-- ENTRIES SHOWN --
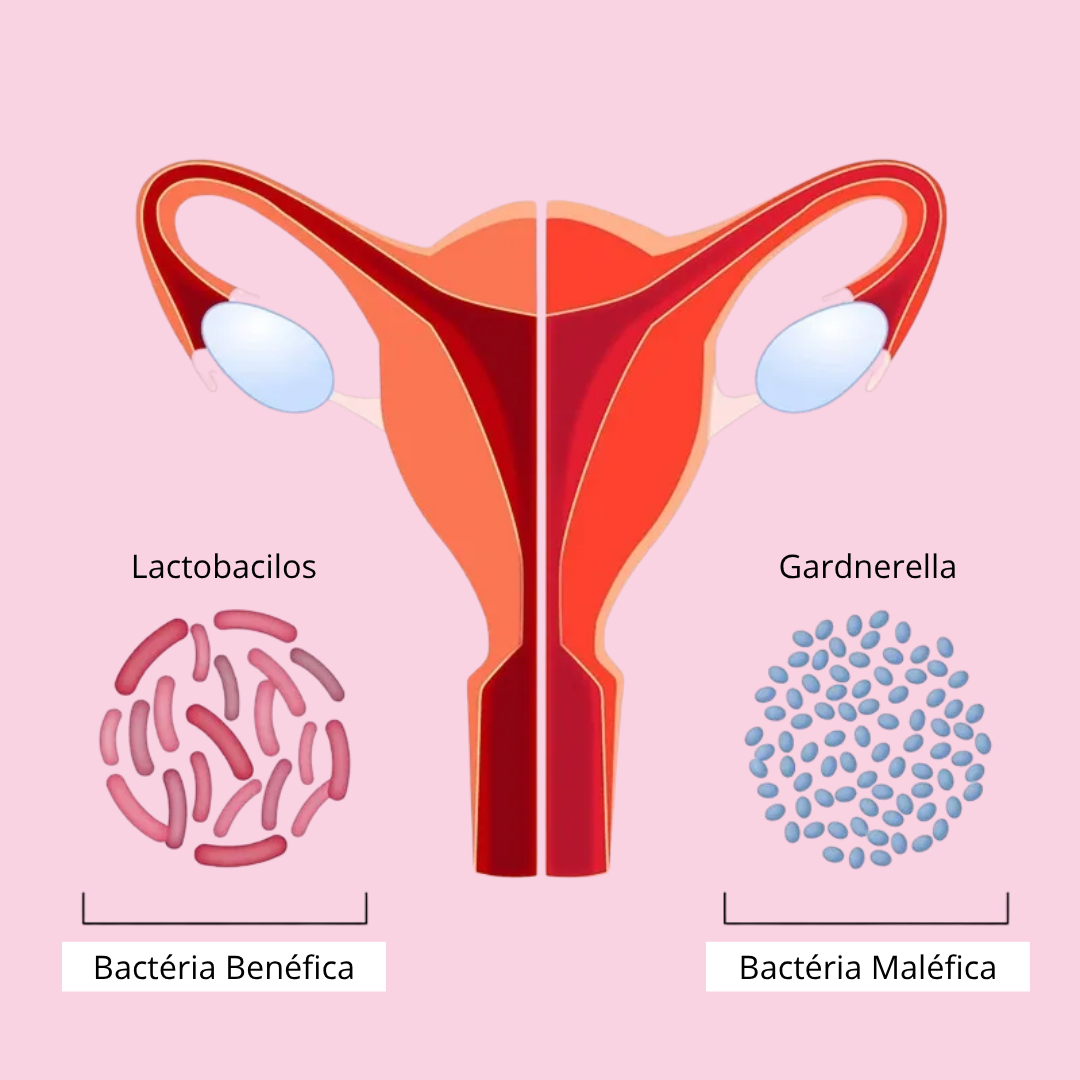 Como restaurar o equilíbrio da flora vaginal naturalmente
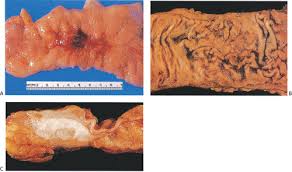 Clear cell carcinoma of the ovary. Endometriosis And Endosalpingiosis Abdominal Key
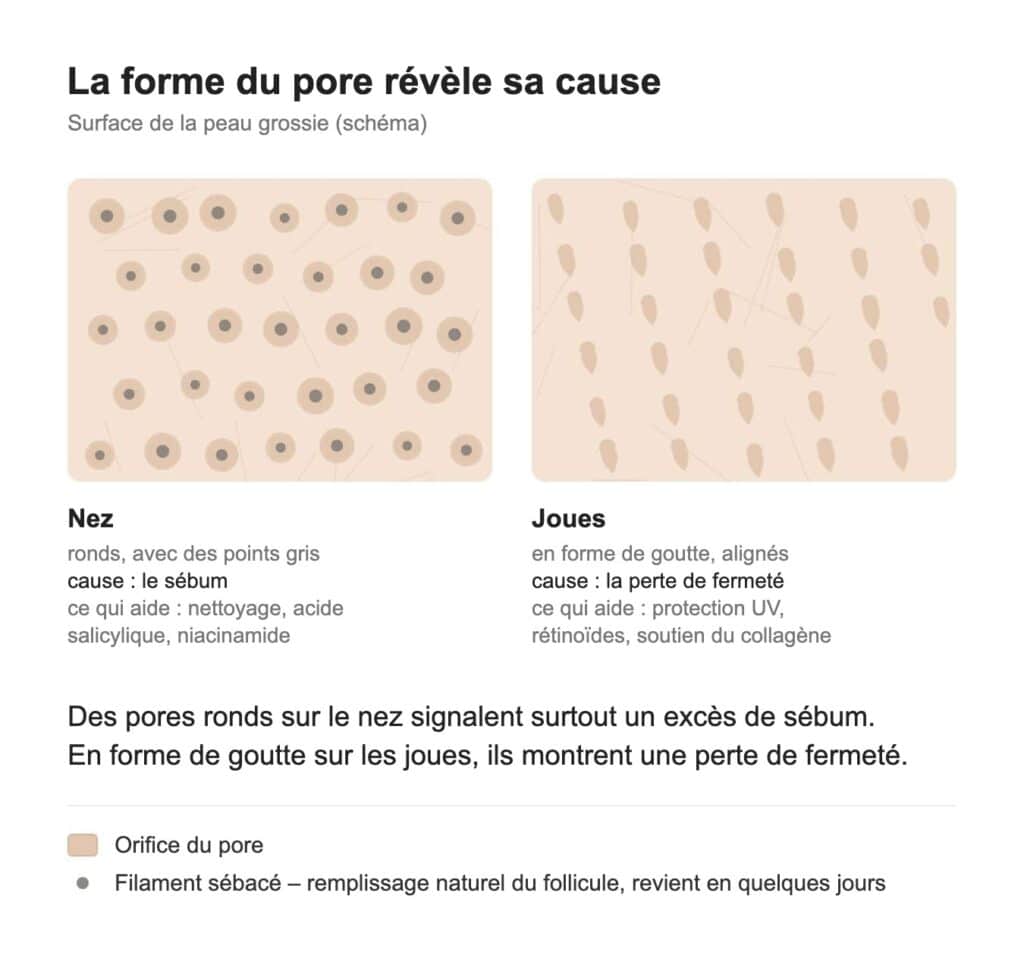 Schéma : pores ronds sur le nez et pores en forme de goutte sur les joues, avec leurs causes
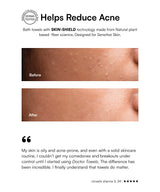 Advertisement for bath towels with Skin-Shield technology showing before and after effects on skin.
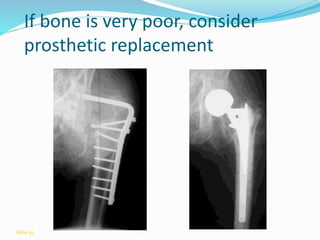 If bone is very poor, consider
prosthetic replacement
Slide 93
 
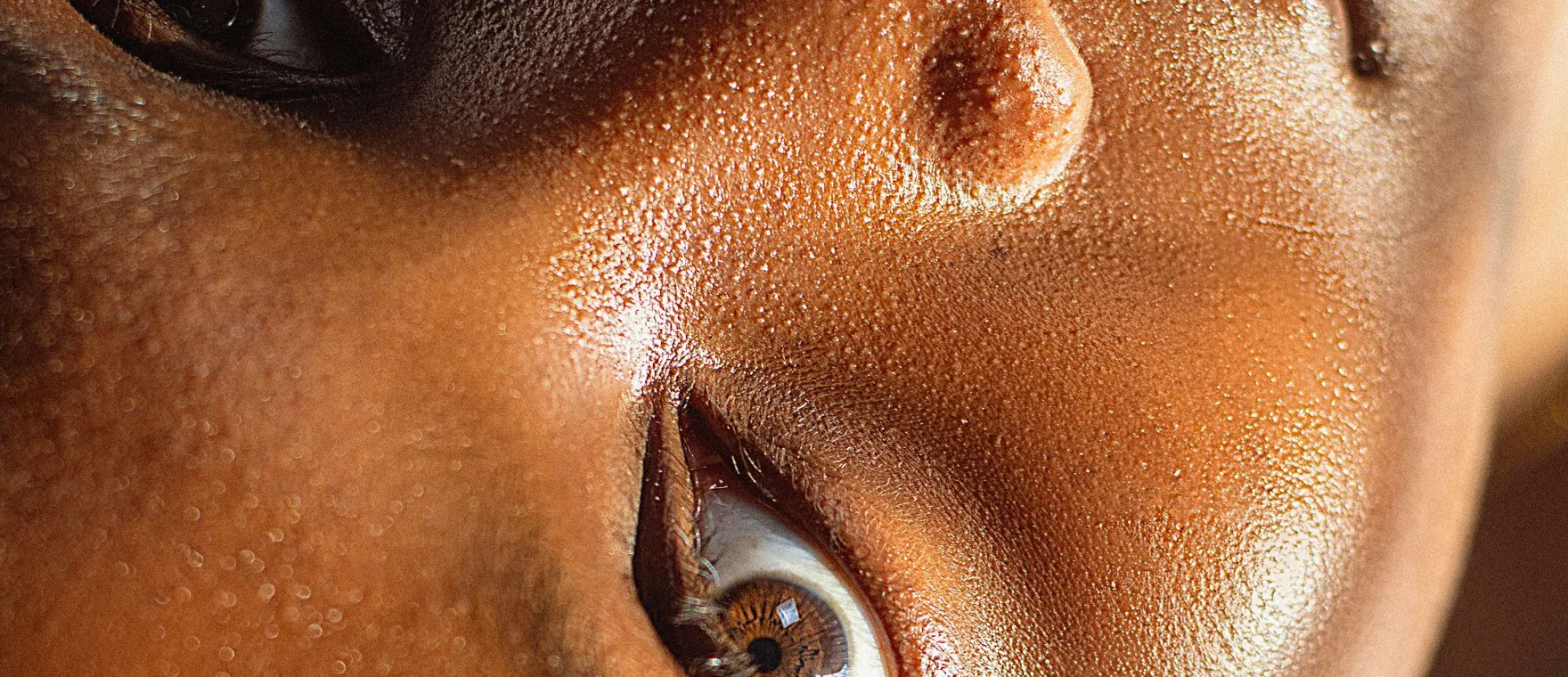 Profhilo® skin remodelling — skin treatment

-- HOW TO COMPLETE THIS TASK --
The lines from the one containing "Advertisement for bath" through the last line of the data above are to be transcribed exactly, both included, with all pictures left out.

-- THE COMPLETED TASK --
 Advertisement for bath towels with Skin-Shield technology showing before and after effects on skin.
 If bone is very poor, consider
prosthetic replacement
Slide 93
 
 Profhilo® skin remodelling — skin treatment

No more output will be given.